|Calmwaters ||10-02-2009 04:00 PM |
Do filters put oxygen in a tank?
Just curious about this. If so how? It seems like years ago in high school science class we learned something but as I said that was a long time ago.LOL
|studman50 ||10-02-2009 05:45 PM |
depends on what type, if you have a sump/wet/dry then yes because of the water going from the overflow to the filter it creates bubbles on the way down, HOB yes because it does disrupt the surface a little and the least aggitation and bubbles which would put O2 in the water would be a canister. now im not saying this is a great ammount, plus i just like a nice bubble wall in the back of the tank.

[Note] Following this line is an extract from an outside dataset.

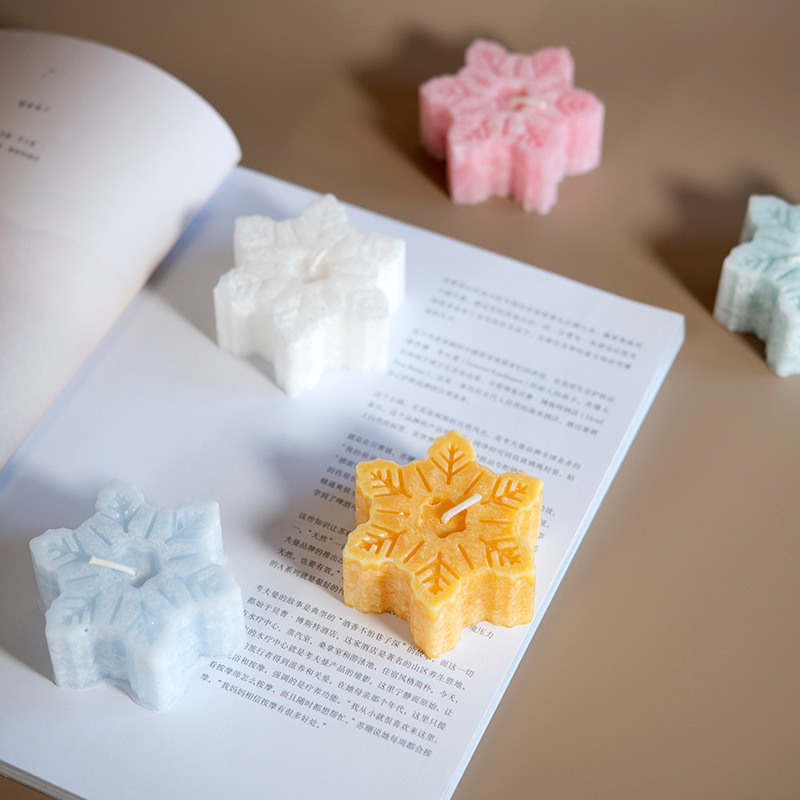 Navidad Año Nuevo copo de nieve aromaterapia decoración de la ventana del hogar banquete vela decoración vacaciones niños cumpleaños personal regalo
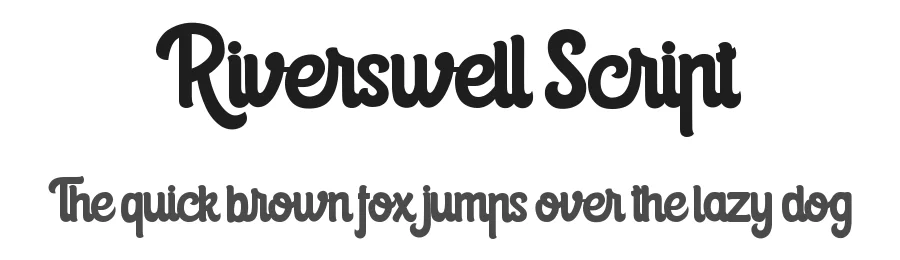 Riverswell Script by yugo priyat moko (Holydie Studio) — Script Handwritten Font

|MoneyMitch ||10-02-2009 11:20 PM |
whenever the water surface is agitated then co2 leaves and o2 enters, wet drys or trickle filters are the best since the water drips over media and is constantly being moved around swished and splashed. Money
|Byron ||10-03-2009 01:26 PM |
Previous responders are correct. If I recall, you have (or want) a planted tank. In planted aquaria, you do not want excess water surface disturbance because it drives off the CO2 that is essential for the plants. So any bubbling devices or excessive filtration is a negative. And plants produce more oxygen than they or the fish assume, so in a planted tank you are not likely to have oxygen deficiency issues unless you are way overstocked with fish or have large fish. Just to keep everything in perspective.
|Calmwaters ||10-05-2009 09:04 AM |
Thanks you guys I knew someone here one have the answers for me. And yes Byron I am thinking about turning my 44 gallon into an all real plant tank. I only have 3 small ones so far but plan on getting more little by little and replaceing my fake ones.
|ron521 ||10-06-2009 07:29 AM |
I would say that filters help the water turn over, so gas exchange can occur, and increasing the amount of gases (both oxygen and CO2) which are dissolved in the water.
Agitating the surface enhances the gas exchange, so if you have CO2 injection, you would lose CO2 as the gases dissolved in your water attempted to equalize with the atmosphere.